**Data for review:**
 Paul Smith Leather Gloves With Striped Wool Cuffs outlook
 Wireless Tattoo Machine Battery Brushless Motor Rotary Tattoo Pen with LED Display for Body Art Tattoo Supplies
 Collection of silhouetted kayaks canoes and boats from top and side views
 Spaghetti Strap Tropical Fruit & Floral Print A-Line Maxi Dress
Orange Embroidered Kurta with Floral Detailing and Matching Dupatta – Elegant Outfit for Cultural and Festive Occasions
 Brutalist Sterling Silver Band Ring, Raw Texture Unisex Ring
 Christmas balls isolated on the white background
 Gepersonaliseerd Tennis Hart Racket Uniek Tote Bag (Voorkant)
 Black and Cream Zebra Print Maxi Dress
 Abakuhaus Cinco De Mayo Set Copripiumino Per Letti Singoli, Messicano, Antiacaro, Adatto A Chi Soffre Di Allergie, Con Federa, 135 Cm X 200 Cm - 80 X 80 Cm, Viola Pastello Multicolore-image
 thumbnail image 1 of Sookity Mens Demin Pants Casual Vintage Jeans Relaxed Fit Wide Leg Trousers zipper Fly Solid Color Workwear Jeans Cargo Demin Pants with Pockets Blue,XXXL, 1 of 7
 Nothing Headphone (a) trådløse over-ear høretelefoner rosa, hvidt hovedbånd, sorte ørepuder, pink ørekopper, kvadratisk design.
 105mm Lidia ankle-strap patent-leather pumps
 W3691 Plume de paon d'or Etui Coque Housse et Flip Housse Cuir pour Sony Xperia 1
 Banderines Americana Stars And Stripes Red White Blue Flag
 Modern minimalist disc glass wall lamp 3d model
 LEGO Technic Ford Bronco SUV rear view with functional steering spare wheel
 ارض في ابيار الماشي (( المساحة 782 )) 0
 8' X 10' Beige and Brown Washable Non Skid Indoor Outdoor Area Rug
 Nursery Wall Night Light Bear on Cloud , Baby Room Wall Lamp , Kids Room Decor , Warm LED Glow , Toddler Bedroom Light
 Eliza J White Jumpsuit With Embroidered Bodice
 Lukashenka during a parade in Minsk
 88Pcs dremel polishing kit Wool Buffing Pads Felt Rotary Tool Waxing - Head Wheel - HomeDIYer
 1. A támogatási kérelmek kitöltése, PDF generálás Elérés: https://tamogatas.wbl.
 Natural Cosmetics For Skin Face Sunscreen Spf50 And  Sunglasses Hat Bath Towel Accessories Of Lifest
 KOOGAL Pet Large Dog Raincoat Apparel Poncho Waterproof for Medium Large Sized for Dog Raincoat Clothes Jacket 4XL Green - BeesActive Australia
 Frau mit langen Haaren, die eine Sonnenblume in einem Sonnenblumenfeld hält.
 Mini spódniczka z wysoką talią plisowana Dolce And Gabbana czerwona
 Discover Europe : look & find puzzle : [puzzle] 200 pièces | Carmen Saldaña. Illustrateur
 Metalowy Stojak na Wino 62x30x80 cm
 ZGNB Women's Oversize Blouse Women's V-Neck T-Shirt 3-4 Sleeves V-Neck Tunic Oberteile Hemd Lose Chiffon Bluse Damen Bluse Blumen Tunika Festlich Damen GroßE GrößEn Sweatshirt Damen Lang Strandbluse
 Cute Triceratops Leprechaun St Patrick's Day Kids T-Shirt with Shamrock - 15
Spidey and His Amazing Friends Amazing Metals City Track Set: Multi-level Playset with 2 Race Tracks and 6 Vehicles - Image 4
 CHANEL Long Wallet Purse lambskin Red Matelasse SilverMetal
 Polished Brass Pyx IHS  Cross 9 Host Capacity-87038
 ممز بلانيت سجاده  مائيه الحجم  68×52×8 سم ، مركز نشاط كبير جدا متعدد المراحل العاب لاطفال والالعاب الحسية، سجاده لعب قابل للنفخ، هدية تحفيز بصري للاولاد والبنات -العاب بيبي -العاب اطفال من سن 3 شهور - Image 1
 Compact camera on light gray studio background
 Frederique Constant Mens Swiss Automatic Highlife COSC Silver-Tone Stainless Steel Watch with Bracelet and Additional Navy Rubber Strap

**Work required:**
Over all the entries, say how many lines hold the string "Rotary". The reply is the number alone.

**Expected output:**
2